I’m a thunderstorm in the making, hot Santa Ana winds scorching through me, a cold nor’easter howling down from the hills. I’m passionate and bored, frustrated and content, writing words in flames as a pervasive hoarfrost creeps over them. I’m restless. I’m ambivalent. I’m happy. I’m sad. And sometimes I’m nothing at all.

The air today was much the same, hot mixing with cool, blue skies blending with a hint of something darker. It felt dangerous. It felt right. And so I did something I don’t do very often. I let go. Walked away.

I wandered rows of sweet smelling basil, crushing the verdant leaves between my fingertips. I inhaled the pungent chemical tang of lanky tomato plants and pulled strands of chives through my teeth, heedless of the soil still clinging. I rubbed velvety folds of lavender over my lips, brushed my cheek against deceptively soft needles of rosemary.

I left the BlackBerry, and its cold empty screen, in the darkness of the trunk.

Back home, plants strewn along my flower bed, I pondered the way time passes. A year ago today, I was boarding Amtrak’s Crescent, giddy-terrified, dreading, hoping, pacing, praying. Because I took the train to Philadelphia, I drove to Pensacola. Because I drove to Pensacola, I flew to Philly. Because I flew to Philly, I flew to Boston. Because I flew to Boston, I drove to New Orleans. Because I drove to New Orleans, I drove to Ashburn, Ga.
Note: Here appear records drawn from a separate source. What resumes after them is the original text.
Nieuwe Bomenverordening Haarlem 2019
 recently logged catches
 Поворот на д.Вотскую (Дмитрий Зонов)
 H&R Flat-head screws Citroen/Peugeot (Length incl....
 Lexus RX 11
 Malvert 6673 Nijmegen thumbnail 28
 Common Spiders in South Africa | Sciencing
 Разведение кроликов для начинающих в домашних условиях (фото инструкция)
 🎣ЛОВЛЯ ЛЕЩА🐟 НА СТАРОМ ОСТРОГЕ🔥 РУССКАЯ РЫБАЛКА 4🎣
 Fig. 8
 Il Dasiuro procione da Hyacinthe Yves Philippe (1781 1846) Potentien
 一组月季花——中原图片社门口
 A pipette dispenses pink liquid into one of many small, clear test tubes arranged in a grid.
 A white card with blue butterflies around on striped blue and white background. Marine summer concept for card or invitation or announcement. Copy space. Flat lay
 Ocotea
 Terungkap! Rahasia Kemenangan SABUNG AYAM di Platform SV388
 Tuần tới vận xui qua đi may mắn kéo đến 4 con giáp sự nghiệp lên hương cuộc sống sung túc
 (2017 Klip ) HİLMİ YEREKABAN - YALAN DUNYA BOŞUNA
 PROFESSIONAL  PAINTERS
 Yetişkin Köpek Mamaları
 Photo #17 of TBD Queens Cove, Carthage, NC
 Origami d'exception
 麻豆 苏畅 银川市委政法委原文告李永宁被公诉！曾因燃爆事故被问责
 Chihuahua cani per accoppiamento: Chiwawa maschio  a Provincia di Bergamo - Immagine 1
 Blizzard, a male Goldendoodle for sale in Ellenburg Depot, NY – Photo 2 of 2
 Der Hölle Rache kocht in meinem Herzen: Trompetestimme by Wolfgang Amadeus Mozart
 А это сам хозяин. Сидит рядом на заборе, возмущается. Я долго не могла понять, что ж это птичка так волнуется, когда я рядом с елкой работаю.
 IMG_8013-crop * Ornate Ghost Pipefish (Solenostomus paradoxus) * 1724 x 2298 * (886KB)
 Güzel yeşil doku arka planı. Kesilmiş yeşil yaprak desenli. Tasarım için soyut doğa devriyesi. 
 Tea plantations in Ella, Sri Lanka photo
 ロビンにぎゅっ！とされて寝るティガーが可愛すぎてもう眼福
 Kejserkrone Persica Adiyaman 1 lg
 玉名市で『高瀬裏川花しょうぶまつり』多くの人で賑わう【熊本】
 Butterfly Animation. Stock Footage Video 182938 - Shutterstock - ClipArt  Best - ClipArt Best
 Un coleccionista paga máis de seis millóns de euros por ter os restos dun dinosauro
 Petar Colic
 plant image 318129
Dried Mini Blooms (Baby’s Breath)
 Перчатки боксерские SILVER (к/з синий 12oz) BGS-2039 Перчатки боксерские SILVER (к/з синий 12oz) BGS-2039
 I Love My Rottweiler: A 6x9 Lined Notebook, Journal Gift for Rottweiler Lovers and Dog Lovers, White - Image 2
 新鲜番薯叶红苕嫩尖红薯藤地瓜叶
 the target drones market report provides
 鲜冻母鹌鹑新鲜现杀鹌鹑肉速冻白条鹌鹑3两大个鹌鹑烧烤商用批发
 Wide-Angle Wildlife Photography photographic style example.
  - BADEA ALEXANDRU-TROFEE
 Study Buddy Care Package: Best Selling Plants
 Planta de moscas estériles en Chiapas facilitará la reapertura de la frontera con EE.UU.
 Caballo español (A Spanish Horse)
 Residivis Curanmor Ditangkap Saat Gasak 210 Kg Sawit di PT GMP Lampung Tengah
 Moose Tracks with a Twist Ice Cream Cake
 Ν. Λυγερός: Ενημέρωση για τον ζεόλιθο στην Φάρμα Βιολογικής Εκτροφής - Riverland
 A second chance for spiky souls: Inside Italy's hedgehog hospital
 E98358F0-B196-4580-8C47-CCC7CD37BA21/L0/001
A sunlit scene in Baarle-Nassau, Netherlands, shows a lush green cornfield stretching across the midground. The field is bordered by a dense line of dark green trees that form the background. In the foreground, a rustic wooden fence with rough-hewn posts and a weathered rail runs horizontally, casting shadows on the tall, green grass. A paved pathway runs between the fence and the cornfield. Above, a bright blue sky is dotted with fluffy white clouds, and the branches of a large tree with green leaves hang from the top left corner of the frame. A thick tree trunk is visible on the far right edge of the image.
Again and again, I slammed my shovel into the hard earth, tears glistening, a wry smile playing along my lips. Perhaps I would have kept crying, mud streaking my face with every backwards swipe of my glove. Instead, I stopped to watch a long, purple worm writhing in the rich, black soil. What a wondrous world, this mystical place where I live so seldom. I spend my days trapped in my head, lost between the past and the future, trapped between regret and disappointment. And yet, life goes on.

The Early Girls I planted won’t bear tomatoes until June. The Red Beefsteaks will take even longer. I will be 34 by the time the red and yellow bell peppers hang heavy from their branches. The air will be turning cooler and thoughts will be turning to football by the time the lavender is tall.

Three months feels like forever. Six months feels like an eternity. I’ve made the commitment, and the best is yet to come. I know this. There’s satisfaction to be had in keeping these fledgling plants alive in the dry onslaught of summer. There’s a muted joy in dreaming of that first taste, that first moment when all the work and waiting finally comes to fruition. So much can go wrong before anything goes right. And even then there are no guarantees.

My snapdragons were lovely for only a few days. A storm destroyed them last night, leaving a few ragtag blossoms for my desk, but they were intensely beautiful for the time they lasted. There’s nothing else that can be done. The worm will someday wriggle along my spine. The breezy afternoons will give way to a pallid stillness. The fires will smolder, then ash over. Such is life.

And even knowing this, still the soul screams “Not yet! Not yet!” And still the lips whisper, “Please.” And still the eyes close, and the head bows in deference. The ways of the universe are deep and wide, black velvet strewn with a Milky Way of dreams. They can’t be rushed.